There was substantial medical center level variation in patient characteristics of the 56,740 individuals from 105 centers, e.g., grade school education (mean 15.3% [range 2.3-32.7%]), being retired (38.3% [19.9-59.7%]) or married (65.2% [43.7-77.8%]), food insufficiency (13.9% [7.2-24.6%]), and no reported exercise (43.2% [31.1-53.6%]). The final model had an R(2) of 7.8%. The Spearman rank coefficient comparing the thresholds adjusted only for age and sex to the full model was 0.71 for <7% and 0.64 for <8% (P < 0.0001). After risk adjustment, 4 of the 11 best-performing centers changed at least two deciles for the <7% threshold, and 2 of 11 changed two deciles for the <8% threshold.

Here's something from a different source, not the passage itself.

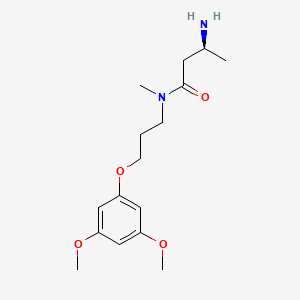 molecular formula C16H26N2O4 B7409949 (3S)-3-amino-N-[3-(3,5-dimethoxyphenoxy)propyl]-N-methylbutanamide 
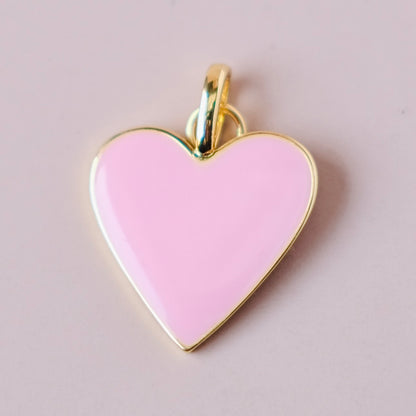 BIG pink Heart charms pendant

Adjustment for patient self-reported socioeconomic status and health impacts medical center rankings for glycemic control, suggesting the need for risk adjustment to assure valid inferences about quality.
本文旨在评估患者自我报告的因素对退伍军人健康管理局医疗中心实现血糖控制质量评估的影响。
我们将1999年全国加权调查中自我报告患有糖尿病的退伍军人的调查数据与行政记录相链接。使用线性回归模型针对社会经济状况(教育水平、就业情况以及对食物充足性的担忧)、社会支持(婚姻状况和独居情况)、健康行为(吸烟、饮酒和运动水平)、身心健康状况、体重指数(BMI)以及糖尿病病程,对2000财年的糖化血红蛋白(A1C)水平进行调整。根据患者达到A1C<7%或<8%的比例,在有无对患者特征进行调整的情况下,将医疗中心按十分位数进行排名。
来自105个中心的56740名个体的患者特征在医疗中心层面存在显著差异,例如小学教育程度(平均15.3%[范围2.3 - 32.7%])、退休(38.3%[19.9 - 59.7%])或已婚(65.2%[43.7 - 77.8%])、食物不足(13.9%[7.2 - 24.6%])以及未报告进行运动(43.2%[31.1 - 53.6%])。最终模型的决定系数R²为7.8%。仅针对年龄和性别进行调整的阈值与完整模型相比,对于<7%的情况,Spearman等级系数为0.71,对于<8%的情况为0.64(P<0.0001)。经过风险调整后,11个表现最佳的中心中有4个在<7%阈值下至少变动了两个十分位数,11个中有2个在<8%阈值下变动了两个十分位数。
对患者自我报告的社会经济状况和健康状况进行调整会影响医疗中心血糖控制的排名,这表明需要进行风险调整以确保对质量做出有效的推断。